Natural Language Processing

Natural language processing (NLP) is a range of computational techniques for the analysis and understanding of human language.

Note: For additional information about NLP, please see Utilizing Nebula NLP to Derive Data Intelligence in the Nebula Tech Blog.

Nebula provides the following NLP technologies:

  • Sentiment Analysis (SA): Analyzes text to determine whether it contains a positive or negative sentiment. Nebula document sets are analyzed at the sentence level and the results aggregated. Each document has a maximum high positive score and a maximum low positive score.
  • Score Sentiment
    < 50 Negative
    = 50 Neutral
    > 50 Positive
  • Named Entity Recognition (NER): Analyzes text in document sets to locate and classify entities into pre-defined categories (such as the names of persons, organizations, locations, products, events, laws, and so on).
  • Personally Identifiable Information and Protected Health Information Detection and Extraction (PII/PHI) : Analyzes text in document sets to detect PII/PHI information (such as driver's license number, IT address, passport number, credit card number, and so on). PII/PHI Detection can be configured at the Repository level to focus only on relevant geographic regions and specified types of PII/PHI categories. A document's PII/PHI Categories can be displayed on the Document List in Cull and Review.

NLP Setup and Use

The following outline provides the general steps involved with using NLP in Nebula:

A. Setup NLP in Nebula

NLP can be configured either when importing documents or after the document collection has been imported.

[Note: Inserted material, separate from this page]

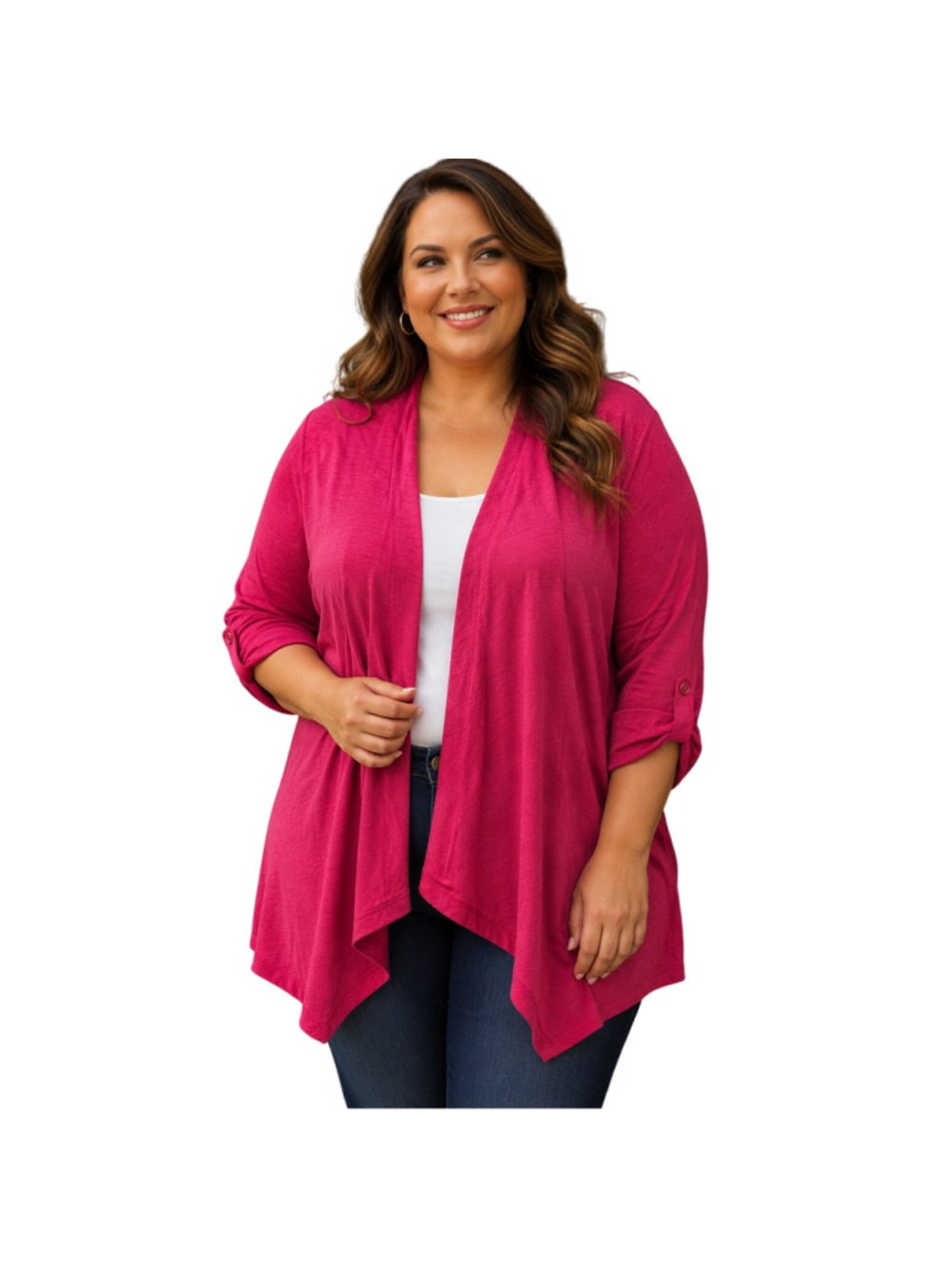 Talbots Hot Pink Open Front Cardigan Roll Tab Sleeve Lightweight sz L career EUC - Picture 1 of 8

To setup NLP when importing documents

When ingesting files with Import, apply the following advanced options:

To setup Sentiment Analysis:

Auto-Run section

  • Run Sentiment Analysis: Select to enable Sentiment Analysis in the NLP Options section.

NLP Options section

  • Sentiment Analysis: Select the type of document on which Sentiment Analysis will be applied.

To setup Named Entity Recognition:

Auto-Run section

  • Run Entity Recognition: Select to enable Entity Recognition the NLP Options section.

NLP Options section

  • Entity Recognition: Select the type of document on which Named Entity Recognition will be applied.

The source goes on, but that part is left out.